I’d set a precedent that night, falling into bed with him so easily, and there was nothing I could do to change that now.

‘It wasn’t like that. Look, if I’m being honest with you…’ I looked over my shoulder to check no one was listening to what I was about to say and then I lowered my voice. ‘That night I acted totally out of character. Honestly, I’m not sure what came over me. It might surprise you to know that I’d never had a one-night stand before.’

‘Actually, that doesn’t surprise me at all.’

‘Oh.’ Was it that obvious I was still wearing my ‘L’ plates as far as one-night stands were concerned? ‘Well, don’t get me wrong, I really enjoyed that day we spent together, and the evening bit, obviously,’ I said, blushing. ‘I was flattered that you got in contact and asked to see me again, but the thing is, I’m really not looking for that sort of relationship.’

Alex remained quiet for a moment, a quizzical look on his face. He ran a fingertip along an imaginary line on the table. I watched his hand as it traced a trail in front of me.

‘And what sort of relationship would that be?’ Alex asked, looking up at me.

‘Casual sex,’ I said quickly and rather too loudly, judging by the sideways glance from the man on the next table. ‘I mean it was lovely and everything, and it’s nothing personal against you, but I’ve realised I’m really not cut out for that sort of thing.’
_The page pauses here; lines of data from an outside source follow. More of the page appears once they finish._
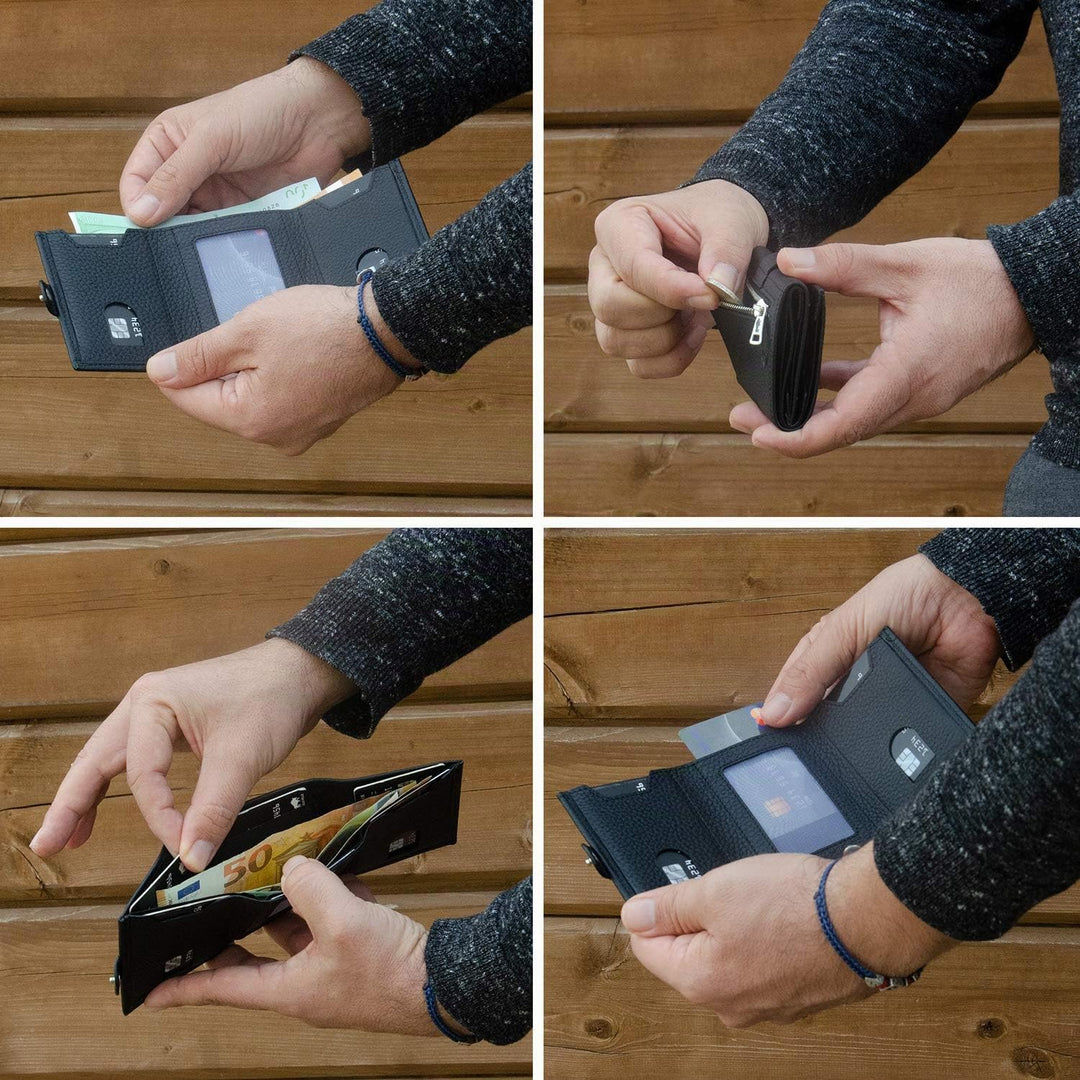 Solo Pelle NEU Slim Wallet mit Münzfach [12 Karten] Slimwallet Riva [RFID-Schutz] Kartenetui mit Mün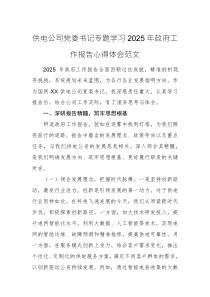 供电公司党委书记专题学习2025年政府工作报告心得体会范文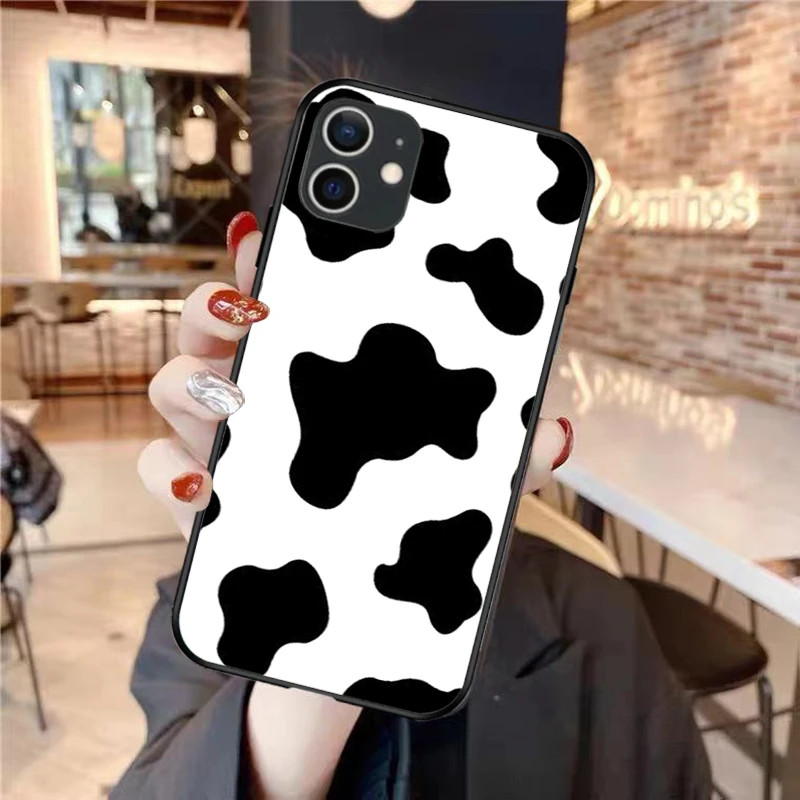 

New White Black Cow Symbol Pattern Print Phone Case Cover For IPhone 12 11 Pro MAX SE2020 6 7 8 Plus XS MAX XR Back Case Cover
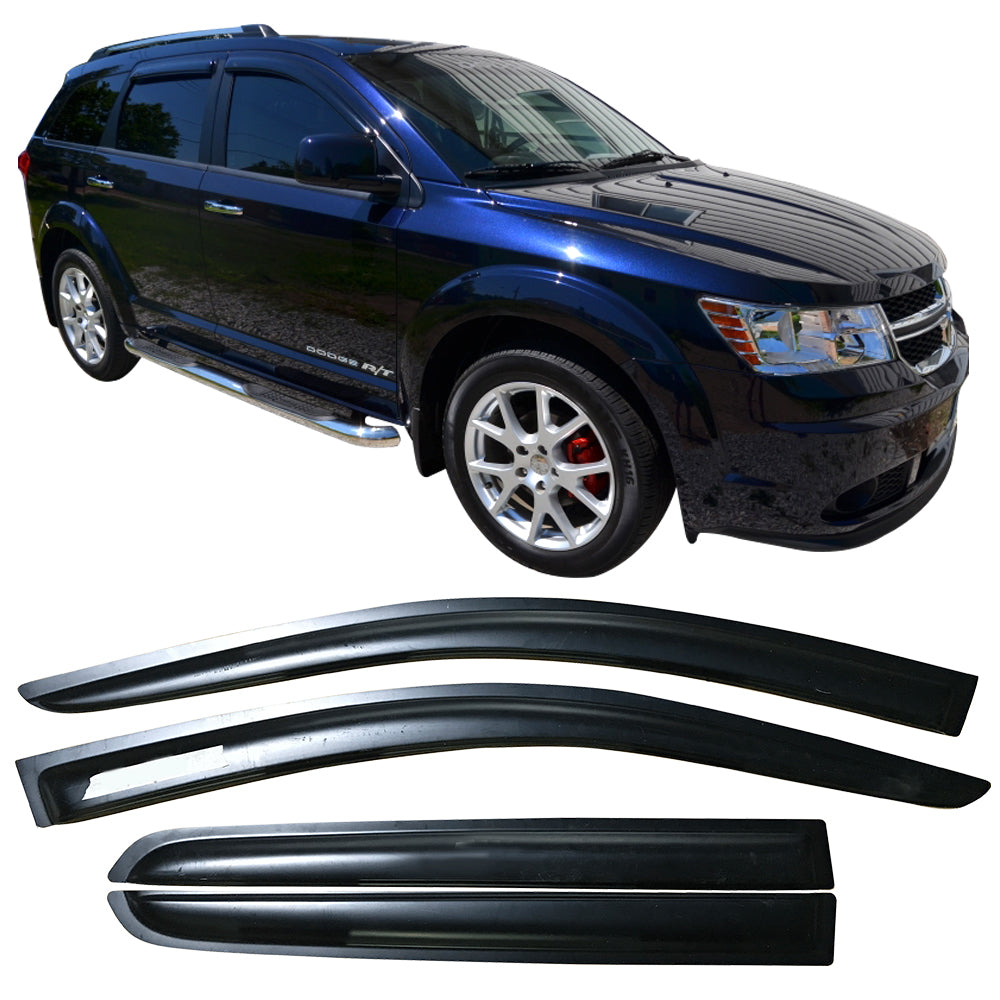 Ikon Motorsports Compatible with 09-20 Dodge Journey Acrylic Window Visors Vent Windshield Deflector Rain Guard 4Pc Set Outside Mount 2009 2010 2011 2012 2013 2014 2015 2016 2017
‘Ah okay.’ I thought I saw the beginnings of a smile on his lips, but he bit it back. ‘That wasn’t what I was actually suggesting. I just thought it would be good to get to know you a bit better. I was thinking more along the lines of… dinner. You know, a proper date. It was just an idea though. I completely understand that you might not want to.’

Now I felt churlish and ill-mannered, but there was no getting away from the fact that Alex and I were completely different people with completely different needs. Hadn’t Angie warned me that he was a serial dater and the last thing I wanted was to be the next name on his, no doubt, exceedingly long tbd (to be dated) list.

‘I mean,’ he said, now picking up my hand again and lookingdeep into my eyes. ‘I’m deeply hurt and disappointed at the thought that you might not want to see me again, but if that’s the way you really feel, then what can I do.’ He dropped my hand with a sigh. ‘I’ll just have to roll with that.’

He looked at me imploringly and I couldn’t help my toes from curling and my mouth smiling at him in return.

‘You know I went back to the wine bar to collect the letter you wrote to me.’

‘You did!’ His brow furrowed and his eyes darkened. ‘Well, I do hope they didn’t give it to you.’

‘No, they didn’t. I couldn’t believe it. The girl was a right miserable bitch. All sour-faced and hanging on to that envelope as though her life depended on it. Honestly, I felt like slapping her.’